Here is how the Panto game is played:  The evil step-sisters are sleeping in a haunted room and every time they look for the ghost, they can’t find him.  But the ghost is standing right behind them and the crowd screams with vigor, “They’re behind you.”  Or another witty one includes the aforementioned Buttons who yells, “How ya doin?” to the crowd which in turn raises its hands and screams, “Top Bananas!”

The shows run from Late November through January and while not explicitly about Christmas, it is an integral part of the British holiday experience.  The show is not silent, as I expected, instead it is filled with song and silliness that makes the under 7 crowd squeal.  They are always based on traditional stories that the audience is supposed to know, some of the shows this year include:  Sleeping Beauty, Aladdin, Beauty and the Beast and Jack and the Beanstalk.

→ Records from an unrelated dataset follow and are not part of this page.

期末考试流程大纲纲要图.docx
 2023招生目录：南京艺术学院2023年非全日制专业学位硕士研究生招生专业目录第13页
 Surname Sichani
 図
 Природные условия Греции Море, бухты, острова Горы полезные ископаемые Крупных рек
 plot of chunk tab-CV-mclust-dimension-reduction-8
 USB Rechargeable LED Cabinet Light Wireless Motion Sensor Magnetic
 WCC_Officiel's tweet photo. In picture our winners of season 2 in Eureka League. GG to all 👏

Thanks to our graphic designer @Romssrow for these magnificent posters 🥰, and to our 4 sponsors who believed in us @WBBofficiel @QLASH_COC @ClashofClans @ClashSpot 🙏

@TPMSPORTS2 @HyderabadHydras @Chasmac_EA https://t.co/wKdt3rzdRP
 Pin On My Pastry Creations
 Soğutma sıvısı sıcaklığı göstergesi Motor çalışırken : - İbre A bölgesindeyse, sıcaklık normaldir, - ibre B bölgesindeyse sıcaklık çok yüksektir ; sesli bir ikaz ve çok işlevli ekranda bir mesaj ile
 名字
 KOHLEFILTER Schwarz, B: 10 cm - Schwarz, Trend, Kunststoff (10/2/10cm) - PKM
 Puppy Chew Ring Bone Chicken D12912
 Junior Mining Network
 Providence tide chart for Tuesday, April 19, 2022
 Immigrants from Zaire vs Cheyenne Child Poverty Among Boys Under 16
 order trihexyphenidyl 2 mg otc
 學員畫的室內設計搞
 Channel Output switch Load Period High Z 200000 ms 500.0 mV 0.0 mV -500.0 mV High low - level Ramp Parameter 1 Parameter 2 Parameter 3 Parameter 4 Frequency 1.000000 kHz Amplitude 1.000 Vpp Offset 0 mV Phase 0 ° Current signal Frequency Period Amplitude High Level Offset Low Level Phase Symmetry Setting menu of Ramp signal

There are modern twists to the story, including the fact that everyone calls the lead “Cinders” in this tale, and every year the stories are updated with topical jokes, some here included the Olympics, the press hacking scandal, unemployment and jokes about the dodgy neighborhood in which this particular theatre sat, called Hackney Empire.

The show peaks near the end when the horse, Clapton, saves the day by foiling the evil steps sisters (brothers) from stealing Cinders off in a hot air balloon. At which point the horse, (think horse from an elementary school play, not Warhorse), comes front and center to receive a medal and the entire crowd sings along to “Clip Clop Clapton, the Wonder Horse.”  Not once, not twice, but three times.

This was one of those Christmas traditions that we can say we’ve done, although as the winter solstice approaches next year, we may leave Clip Clop Clapton for the tourists.